*Records for the task*:
::::
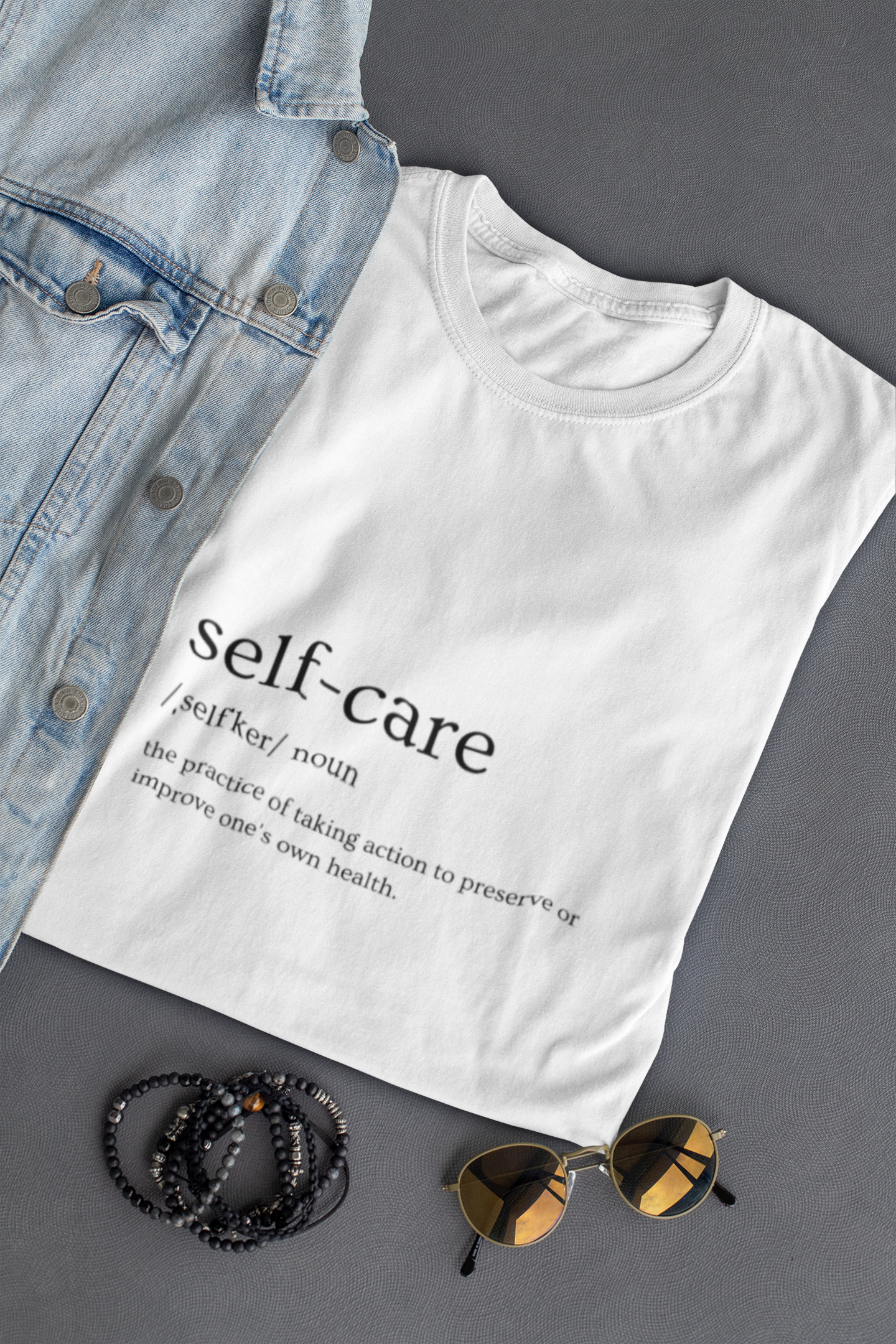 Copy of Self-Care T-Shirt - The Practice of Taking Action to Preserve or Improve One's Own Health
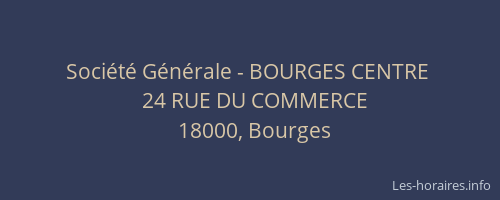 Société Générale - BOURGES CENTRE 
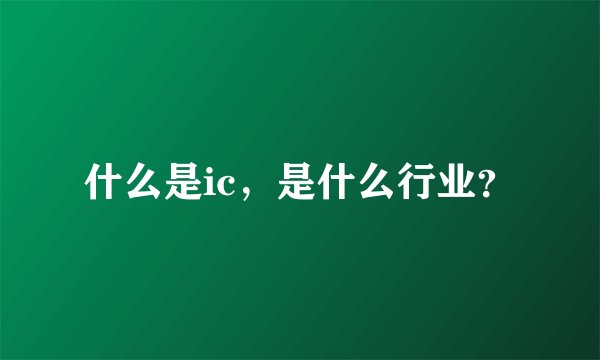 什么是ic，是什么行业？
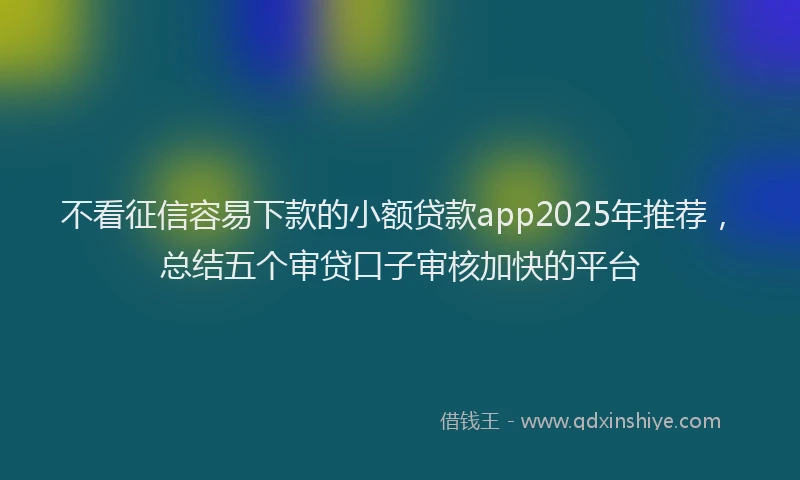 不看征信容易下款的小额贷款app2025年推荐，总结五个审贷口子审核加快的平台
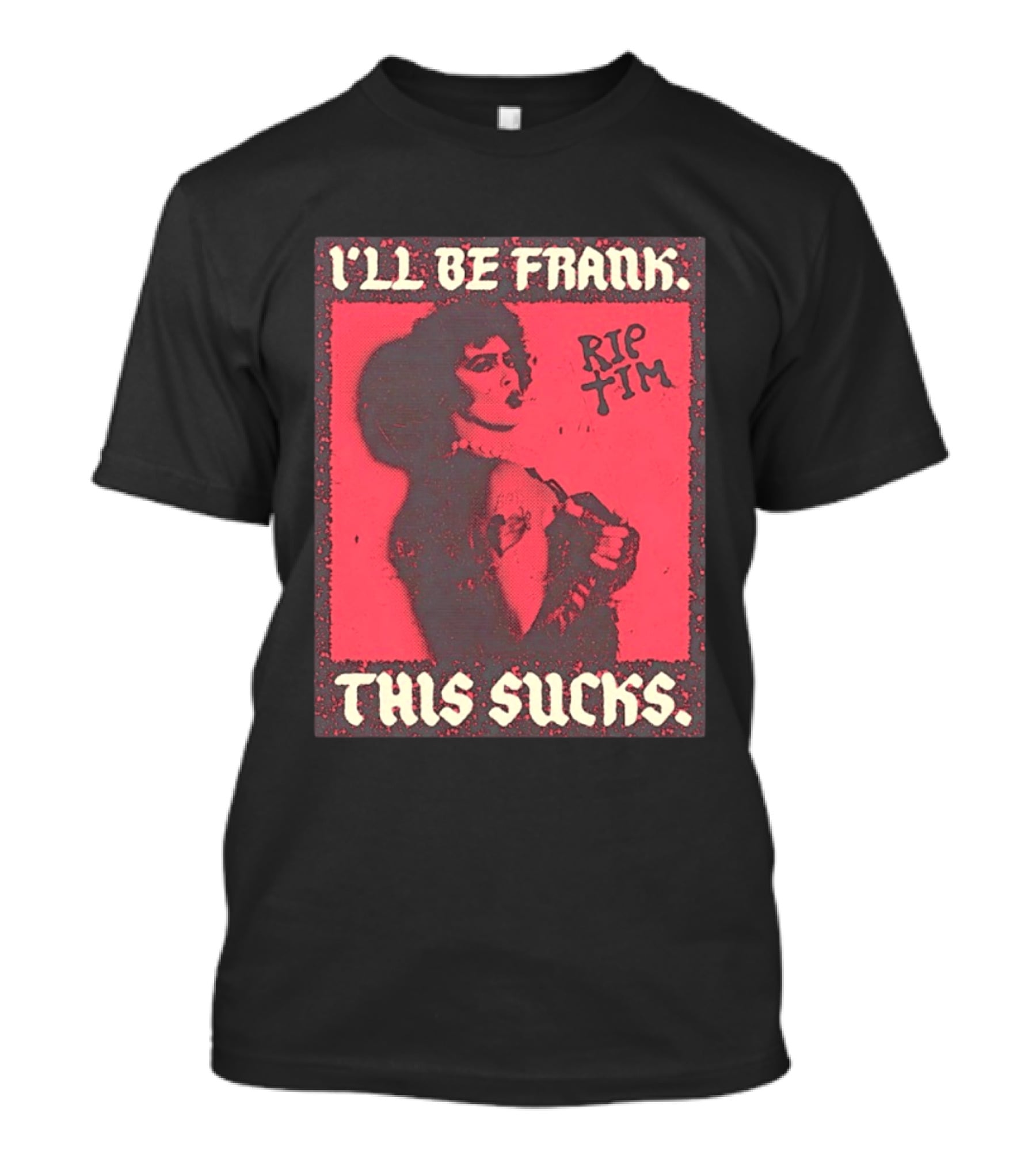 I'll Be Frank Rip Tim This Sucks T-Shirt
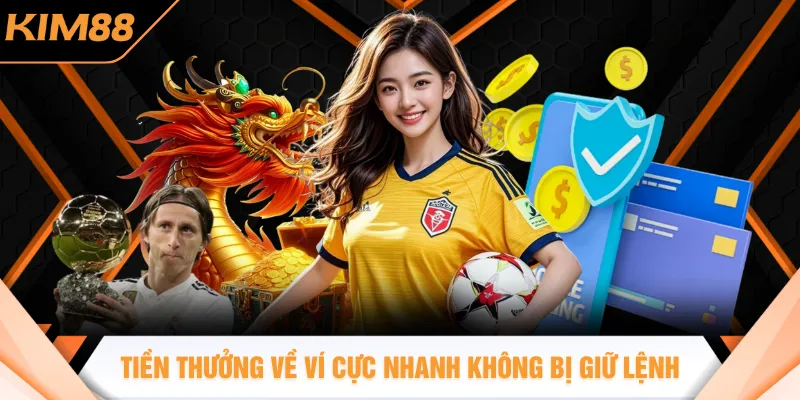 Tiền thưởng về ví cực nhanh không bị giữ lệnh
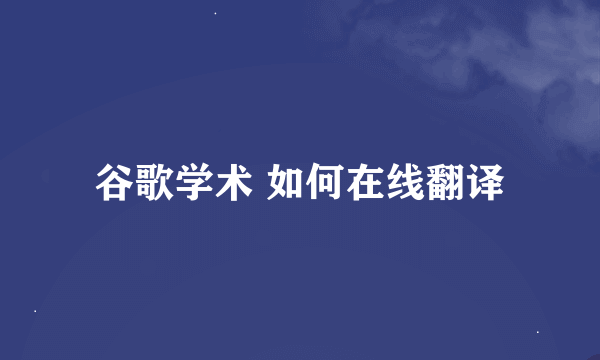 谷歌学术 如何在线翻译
::::
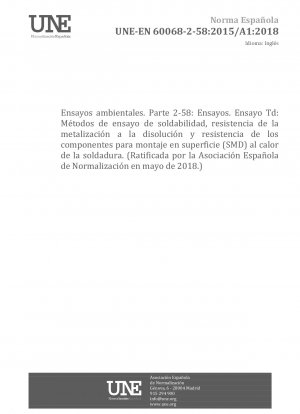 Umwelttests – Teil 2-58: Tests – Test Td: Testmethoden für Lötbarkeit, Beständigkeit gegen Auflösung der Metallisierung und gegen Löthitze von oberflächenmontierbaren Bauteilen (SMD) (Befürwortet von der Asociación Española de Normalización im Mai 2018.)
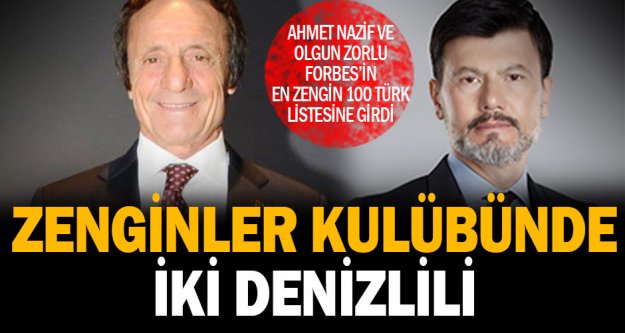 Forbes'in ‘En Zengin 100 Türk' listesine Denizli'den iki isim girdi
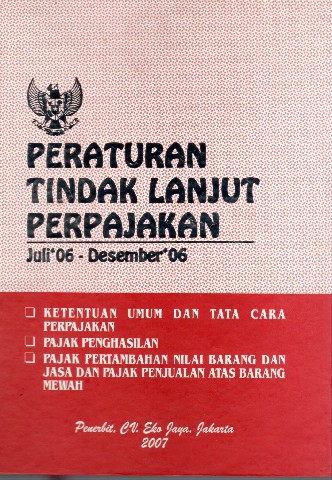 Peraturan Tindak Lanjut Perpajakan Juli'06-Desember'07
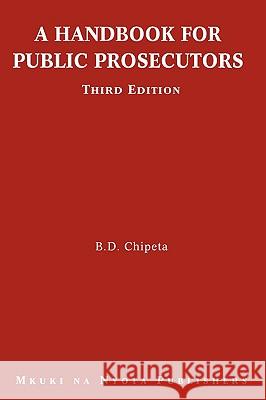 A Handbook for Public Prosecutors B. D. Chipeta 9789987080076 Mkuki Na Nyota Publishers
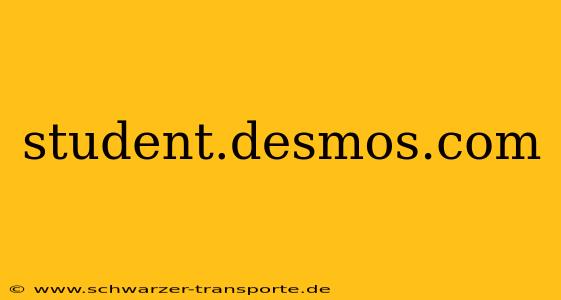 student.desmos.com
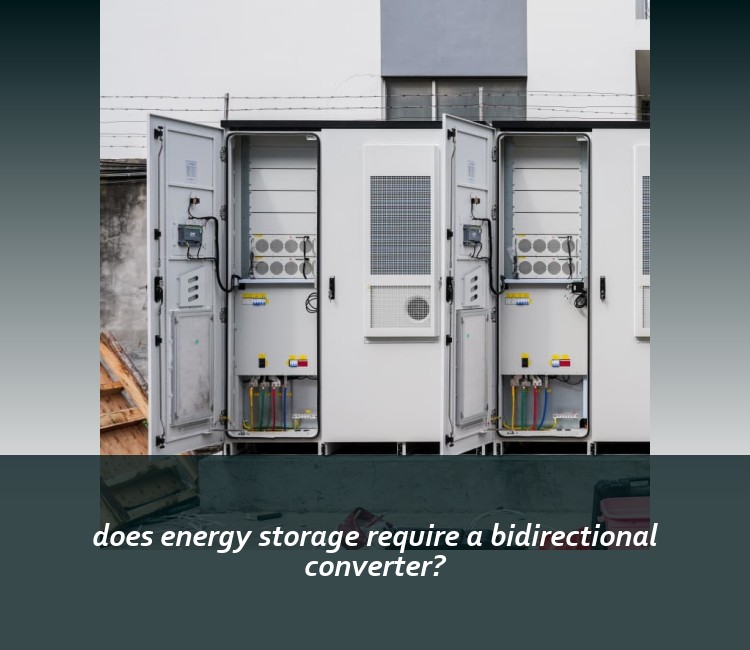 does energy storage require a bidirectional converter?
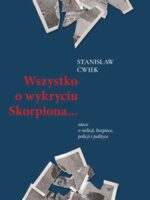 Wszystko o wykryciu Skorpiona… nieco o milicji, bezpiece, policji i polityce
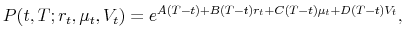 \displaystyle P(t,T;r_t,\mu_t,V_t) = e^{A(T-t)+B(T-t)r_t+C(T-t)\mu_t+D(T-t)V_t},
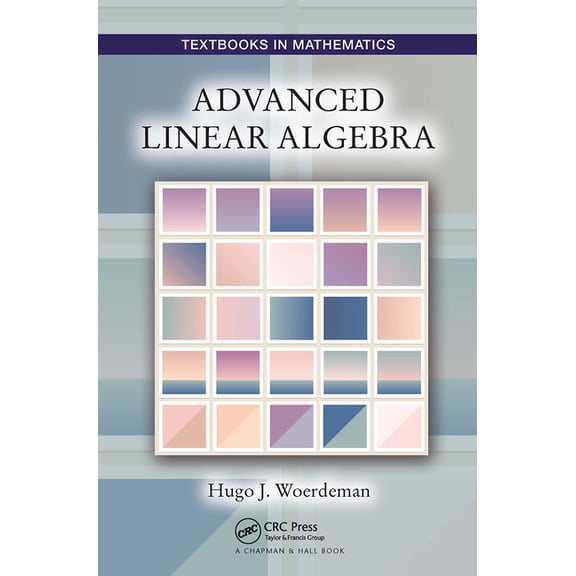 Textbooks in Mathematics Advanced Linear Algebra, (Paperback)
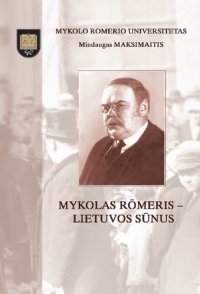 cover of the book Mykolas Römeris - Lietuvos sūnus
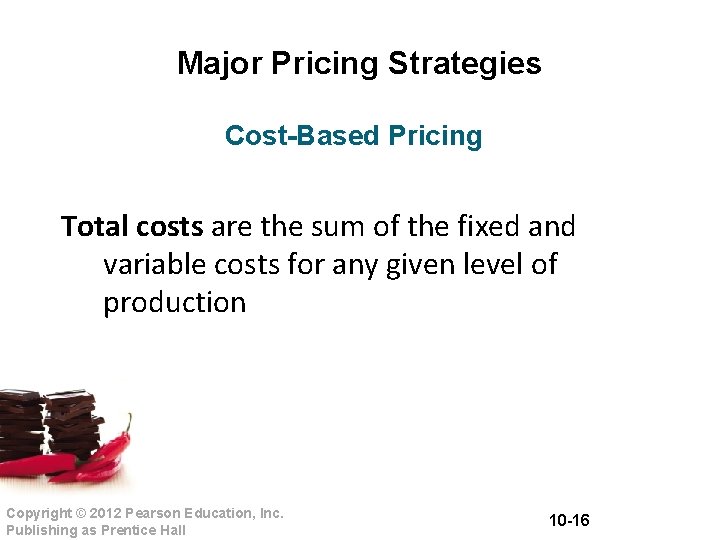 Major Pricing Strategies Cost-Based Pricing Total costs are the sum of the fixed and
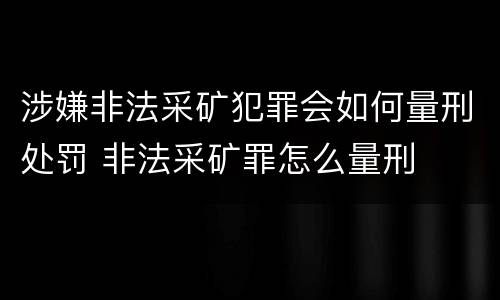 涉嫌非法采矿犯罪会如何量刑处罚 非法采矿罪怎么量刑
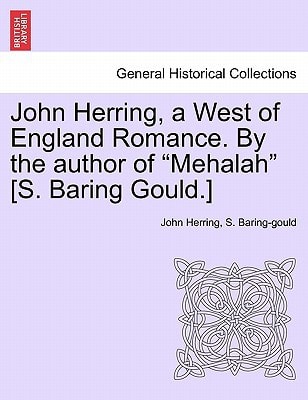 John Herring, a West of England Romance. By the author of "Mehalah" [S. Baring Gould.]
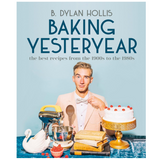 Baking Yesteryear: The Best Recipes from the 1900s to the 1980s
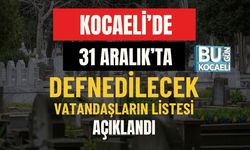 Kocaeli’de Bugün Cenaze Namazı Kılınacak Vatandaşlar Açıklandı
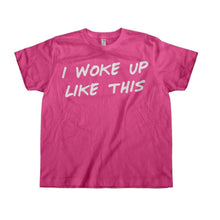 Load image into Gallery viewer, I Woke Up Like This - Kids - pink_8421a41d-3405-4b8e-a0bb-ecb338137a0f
::::
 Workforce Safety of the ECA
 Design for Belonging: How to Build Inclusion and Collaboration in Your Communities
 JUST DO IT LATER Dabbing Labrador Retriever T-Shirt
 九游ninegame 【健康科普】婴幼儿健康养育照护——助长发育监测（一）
::::
*Aim of the exercise*: The copy should hold exactly the lines above from the one with "Copy of Self-Care" through the one with "谷歌学术 如何在线翻译", both ends counted, and no pictures at all.

*Exercise response*:
 Copy of Self-Care T-Shirt - The Practice of Taking Action to Preserve or Improve One's Own Health
 Société Générale - BOURGES CENTRE 
 什么是ic，是什么行业？
 不看征信容易下款的小额贷款app2025年推荐，总结五个审贷口子审核加快的平台
 I'll Be Frank Rip Tim This Sucks T-Shirt
 Tiền thưởng về ví cực nhanh không bị giữ lệnh
 谷歌学术 如何在线翻译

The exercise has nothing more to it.